**INSTRUCTIONS FOR THE TASK:**
Output each line of the data below exactly, omitting any image.

§ §

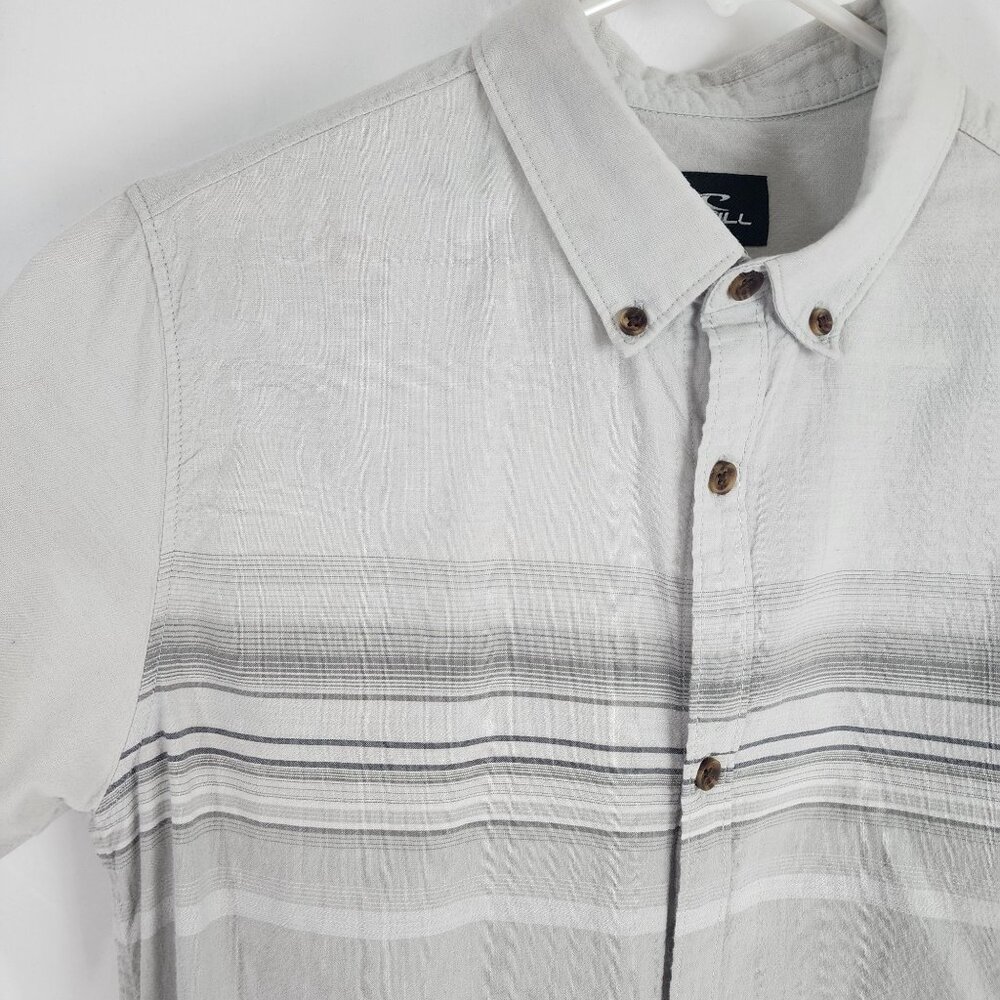 ONeill Mens XL Standard Fit Light Grey Striped Short Sleeve Button-Up Shirt - Picture 3 of 13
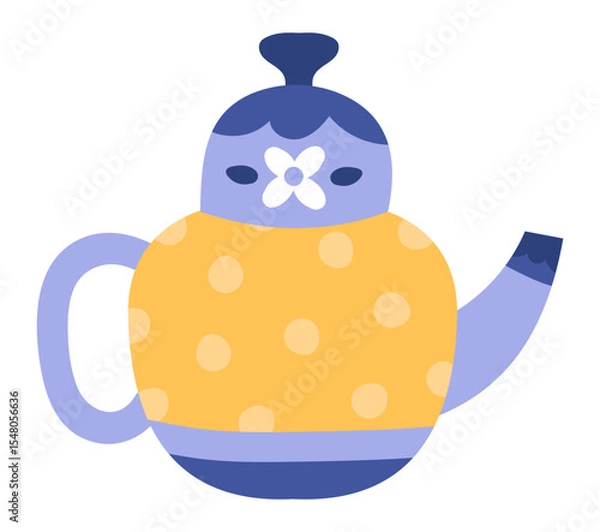 Obraz Whimsical teapot with a charming flower adornment and playful polka dots, adding a touch of joy to teatime, perfect for children's illustrations or any project needing a dose of cuteness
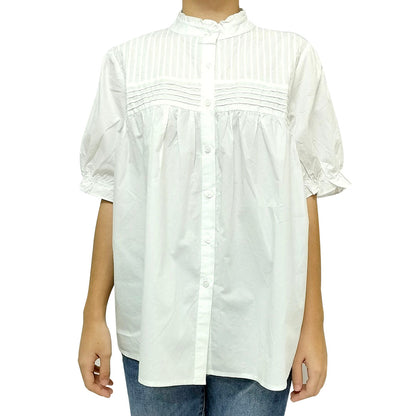 Chic mid-sleeve white shirt with unique collar, pure cotton for an elegant summer commute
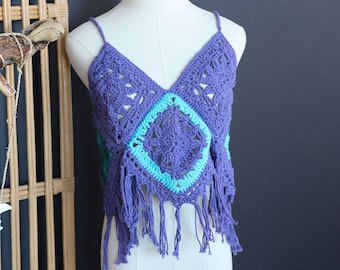 Granny Square Crochet Crop Top/ Bralette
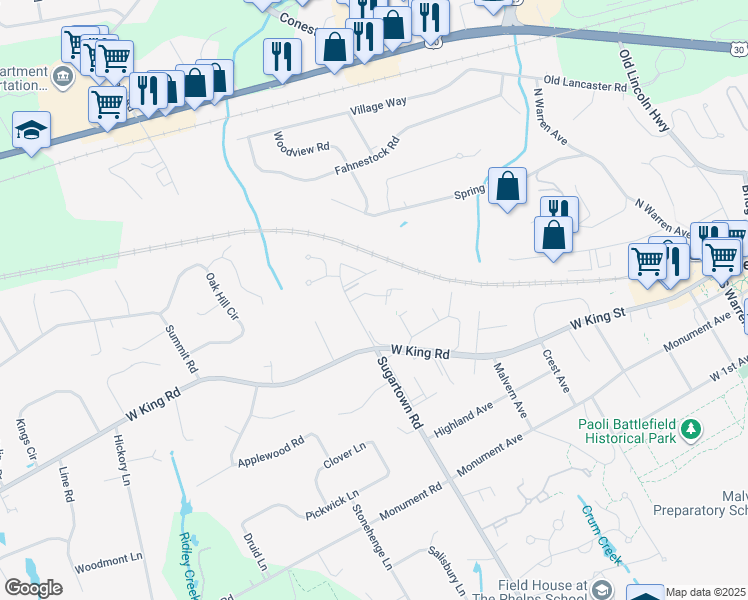map of restaurants, bars, coffee shops, grocery stores, and more near 39 Landmark Drive in Malvern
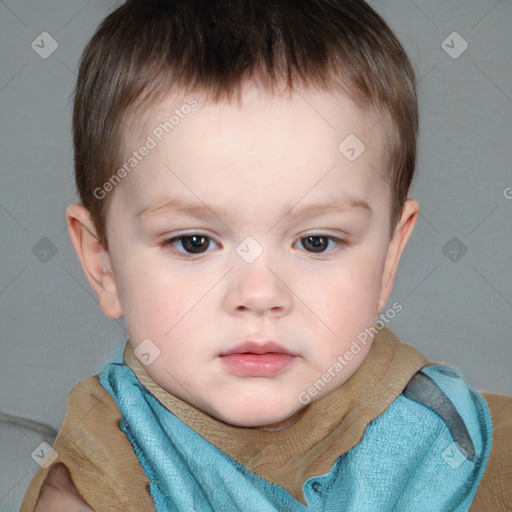 Neutral white child male with short  brown hair and brown eyes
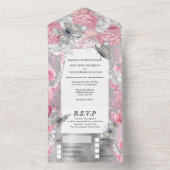 ピンクシルバーバタフライきらめくグリッター赤面バラ オールインワン招待状 (内側)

§ §

**OUTPUT FOR THIS EXERCISE:**
 ONeill Mens XL Standard Fit Light Grey Striped Short Sleeve Button-Up Shirt - Picture 3 of 13
 Obraz Whimsical teapot with a charming flower adornment and playful polka dots, adding a touch of joy to teatime, perfect for children's illustrations or any project needing a dose of cuteness
 Chic mid-sleeve white shirt with unique collar, pure cotton for an elegant summer commute
 Granny Square Crochet Crop Top/ Bralette
map of restaurants, bars, coffee shops, grocery stores, and more near 39 Landmark Drive in Malvern
 Neutral white child male with short  brown hair and brown eyes
 ピンクシルバーバタフライきらめくグリッター赤面バラ オールインワン招待状 (内側)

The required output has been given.